Les travailleurs sociaux ne savent plus exactement où ils vont dans leur pratique et ce que l’on attend réellement d’eux. Quelle est leur mission? Quelle est la commande sociale à laquelle ils se doivent de répondre? Quelles sont les limites de leur travail? Les contradictions qui les fait s’interroger sur l’efficacité, mais aussi sur la nature de leur travail. Le dernier épisode sur «la délation» a fini de jeter le doute sur un travail qui devient apparemment de plus en plus nécessaire et … de plus en plus ambiguë.
Devant la dégradation de la situation sociale: exclusion, incivisme, accroissement de la pauvreté …et les choix politiques qui sont faits: réduction des aides, des subventions, recours à la répression en place et lieu de la prévention,…. les travailleurs sociaux sont amenés à faire face à des situations qui dépassent largement, non seulement la capacité des moyens mis à leur disposition, mais révèle sous un jour nouveau les limites et les ambiguïtés de leurs«missions».

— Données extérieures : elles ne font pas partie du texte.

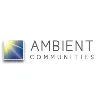 Ambient Communities Ambient Communities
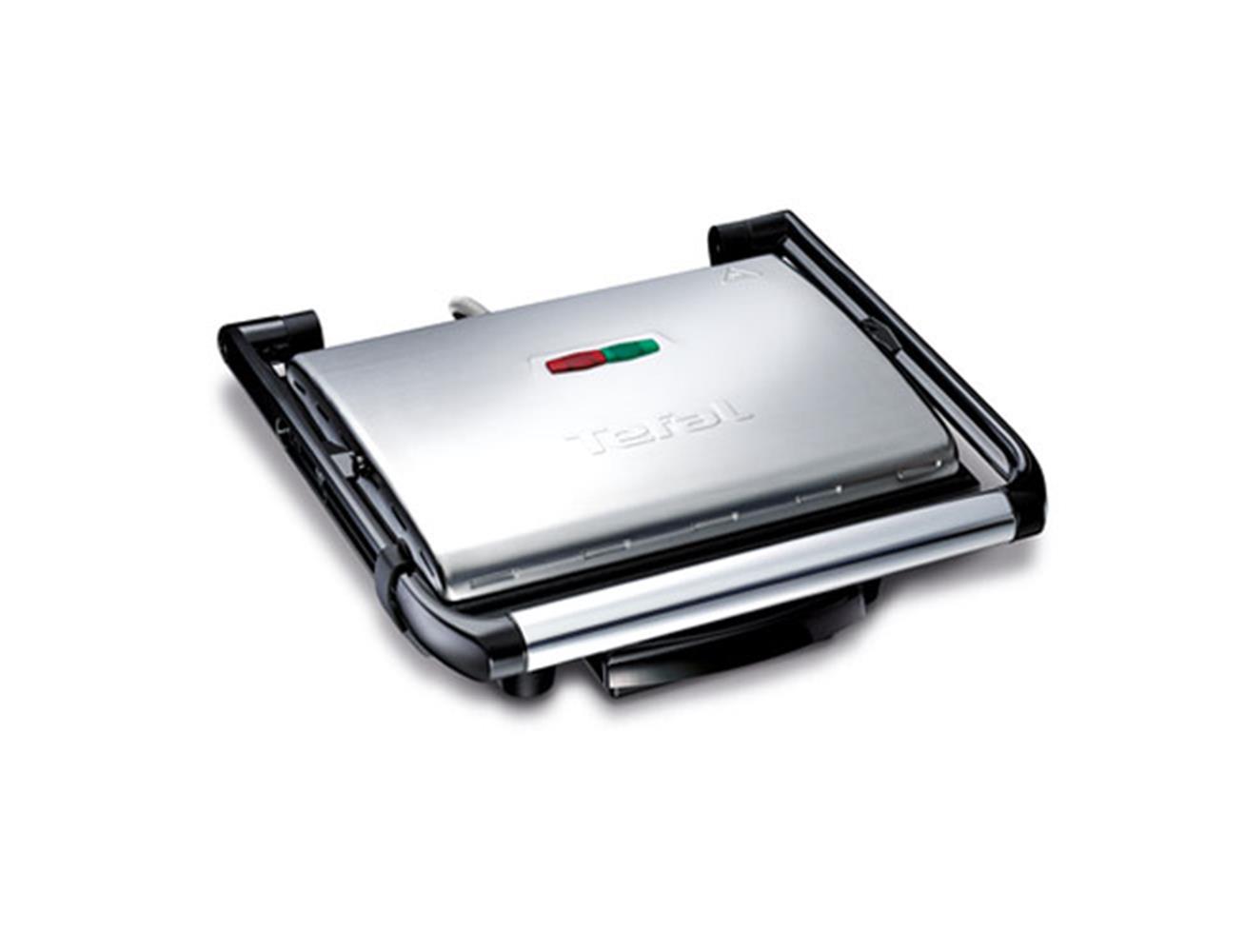 Электрогриль tefal panini grill gc241d38 отзывы. Электрогриль Tefal inicio gc241d38. Гриль Tefal модель GC 241d.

Le travail social, et par voie de conséquences, les travailleurs sociaux, ne sont pas détachés du contexte général, économique et politique dans lequel ils évoluent… ils ne sont pas les seuls dans ce cas, les enseignants, les médecins, par exemple,… sont dans le même cas. La spécificité pour eux c’est qu’ils sont au cœur des contradictions du système, à la «jointure», qui «grince» de plus en plus entre l’économique et le social… pour éviter que ça grince on va mettre de l’«huile»… ce lubrifiant,…c’est eux.

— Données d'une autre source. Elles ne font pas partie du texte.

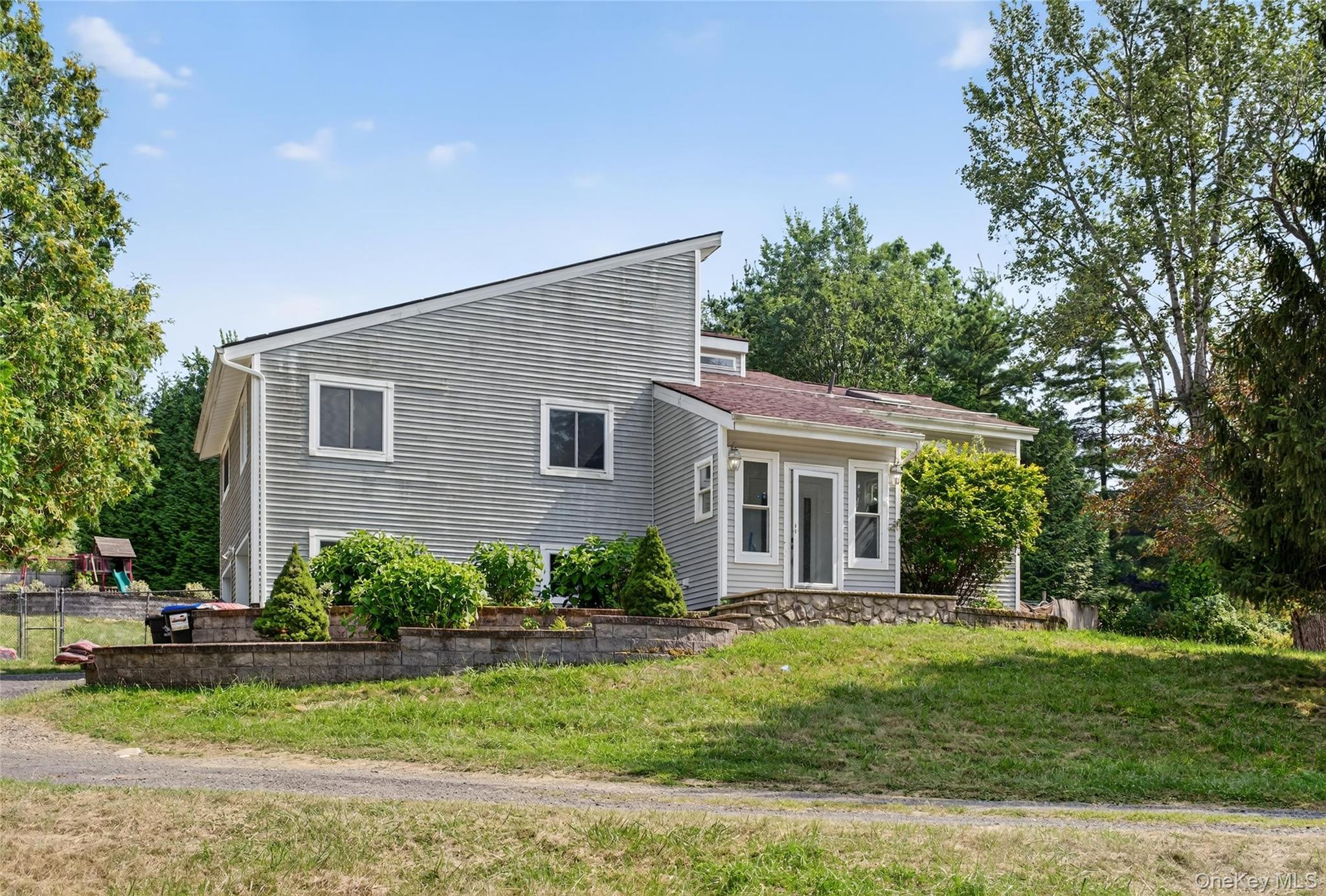 #1 photo, 211 Prospect Road, 紐約州 Monroe , NY 10950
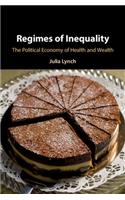 Regimes of Inequality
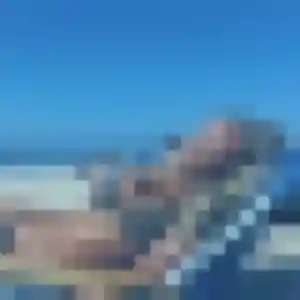 Photo de Justine à Plougastel-Daoulas (40 ans) - rencontre sexy discret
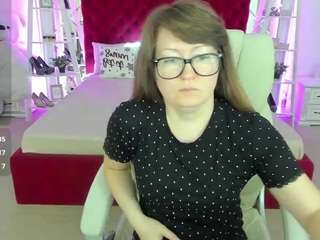 AlexaAmour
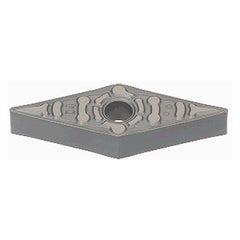 VNMG 332 TQ GT9530 - Eagle Tool & Supply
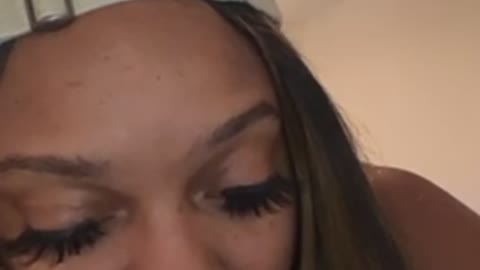 Wife 101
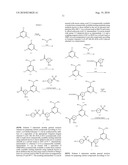 NOVEL sEH INHIBITORS AND THEIR USE diagram and image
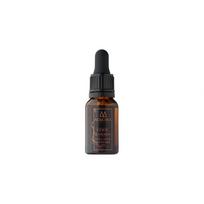 Magma London Smokey Velvet eterinis aliejus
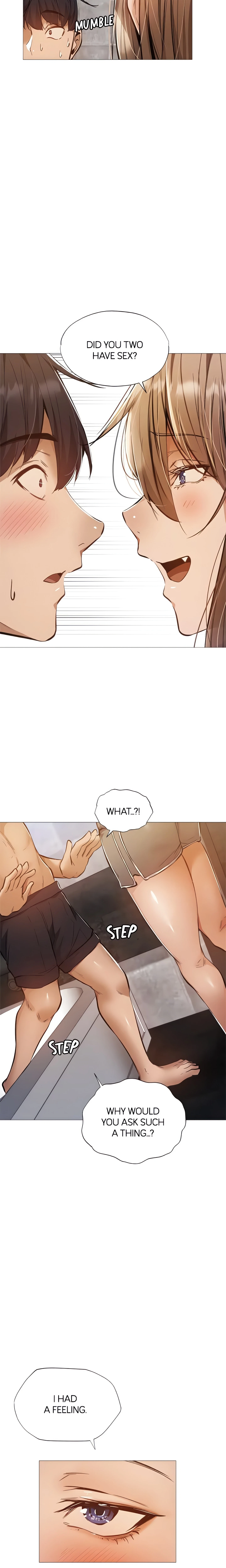 Chapter 28, page 13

LE TRAVAIL SOCIAL COMME REVELATEUR
Le développement considérable du travail social depuis, disons trente ans, est un indicateur des tendances lourdes du système marchand. Institutionnaliser massivement le travail social peut apparaître comme un progrès fait dans la recherche par les pouvoirs publics d’un «mieux être dans le domaine social». En fait cette tendance à l’hypertrophie de ce secteur signifie que le système dans son fonctionnement a de plus en plus de difficulté à produire du «lien social»… c'est-à-dire de la relation qui donne un «sens» à l’existence sociale et à la place de l’individu en son sein. Le processus d’exclusion, de marginalisation, d’échec qui accompagne depuis les années soixante dix la mutation du système marchand dans les pays développés, processus conséquence de la mondialisation marchande (licenciements, restructuration, délocalisations, raréfaction des emplois, déréglementation du marché du travail,…), génère un déchirement de la relation sociale salariale avec son lot de déviances (perte de repères, marginalisation, économies parallèles, trafics, délinquance, drogue, alcoolisme, suicides,…).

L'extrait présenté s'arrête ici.